Nazarbayev Urges CIS Revamp

LONDON -- Kazakhstan's president called on Tuesday for the Commonwealth of Independent States to be changed into a smaller grouping that would exclude countries involved in military conflicts.


In a speech to Britain's Royal Institute of International Affairs, President Nursultan Nazarbayev said the new grouping would aim to ensure a "belt of stability" in the area. He suggested the name "Euro-Asiatic Union."


The present CIS, formed after the Soviet Union collapsed at the end of 1991, has 12 members -- all the former Soviet republics except the three Baltic states.


Nazarbayev said the CIS had defied predictions that it would quickly disintegrate and could have bright prospects for economic integration. But he said the time had come to reform it.

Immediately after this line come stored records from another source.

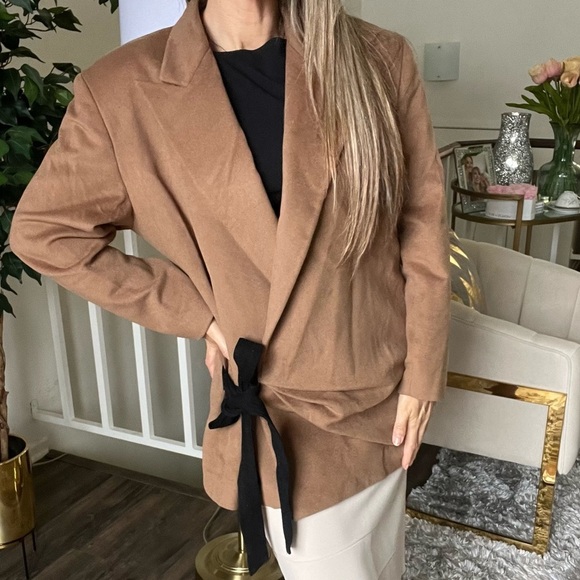 Gianni Versace Vtg Retro 100% Wool Wrap-Tie Shoulder Pads Blazer Jacket Beige 10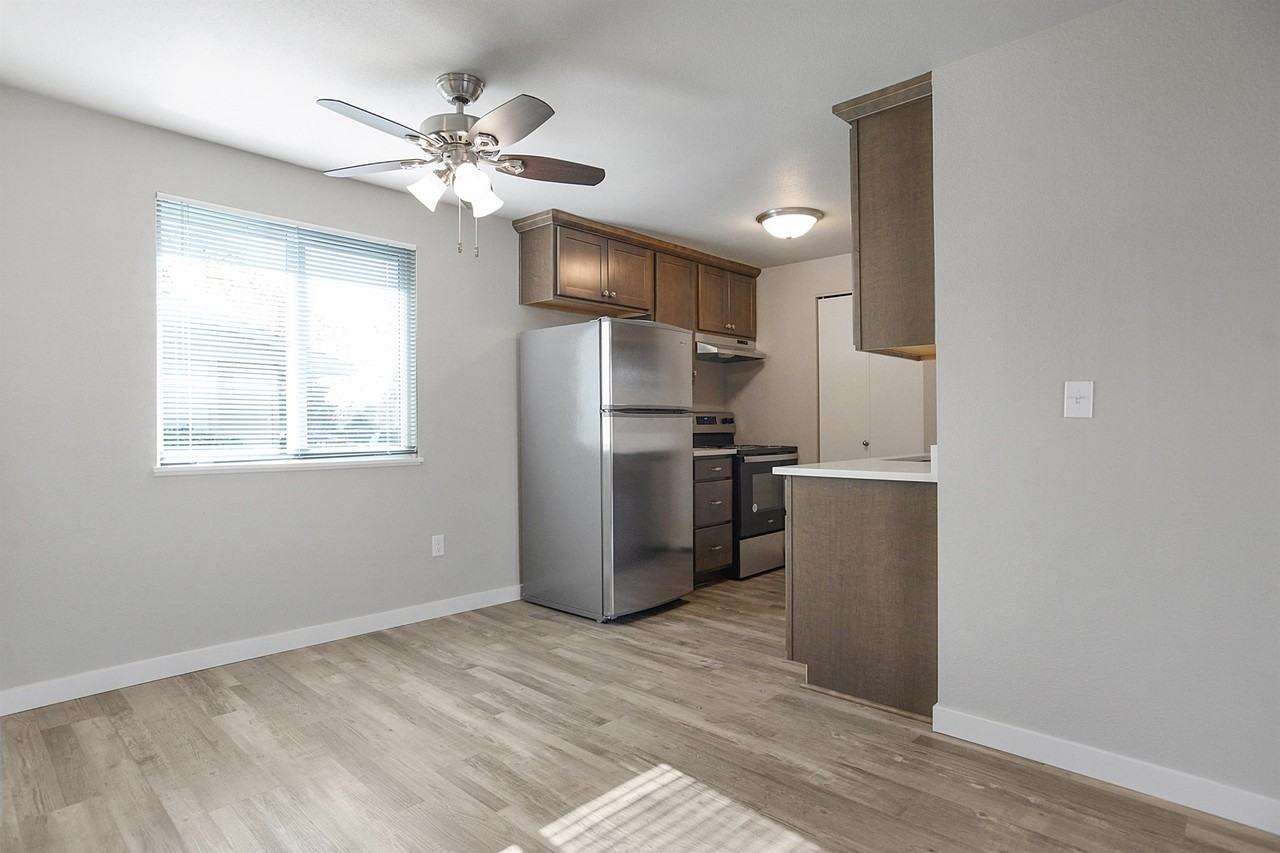 Garden Cottage Apartments - Photo 6 of 18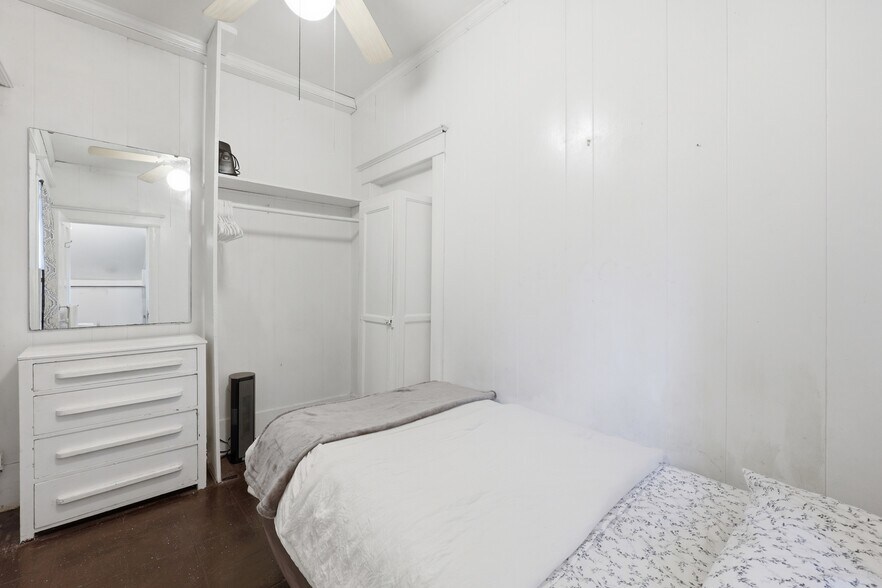 More Photos Of 50 Charlotte St, Saint Augustine Storefront Retail Office For Sale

This he said, "would ensure the creation in this region of a belt of stability and security." A revamped Commonwealth could play "a really stabilizing role in halting and settling possible conflicts in this zone."


"Existing conditions make it essential to give up the attempt to keep all the states in the CIS," Nazarbayev said.


"In our view, we should create a really working union of states based on a core of countries that could be called the 'Euro-Asiatic Union.'"


Other former Soviet republics could join it if they ceased military actions, observed international agreements, territorial integrity and inviolability of frontiers, and renounced all forms of economic pressure, the Kazakh leader said.


His terms appeared to exclude such CIS members as Azerbaijan and Armenia, which have been involved for the past six years in a conflict over the enclave of Nagorno-Karabakh.


He said the new community would need collective peacekeeping forces. Russia has volunteered to act as peace-keeper in the CIS, a proposal viewed with concern by some of its neighbors.


Nazarbayev warned against any attempt to reconstitute the Soviet Union, saying the former Soviet republics had made a "decisive and irreversible choice for sovereign development."


In a cautious criticism of Russia, he called on Moscow to clarify its foreign policy, "which at times is hard to predict and often depends on shifts in the political situation."


Nazarbayev defended elections held earlier this month in Kazakhstan, which were criticized by observers for not giving voters a fair choice of candidates.


He said that while they might have fallen short of the standards of Western countries, they were an "indisputable success" for a country which had only just shaken off the yoke of communism.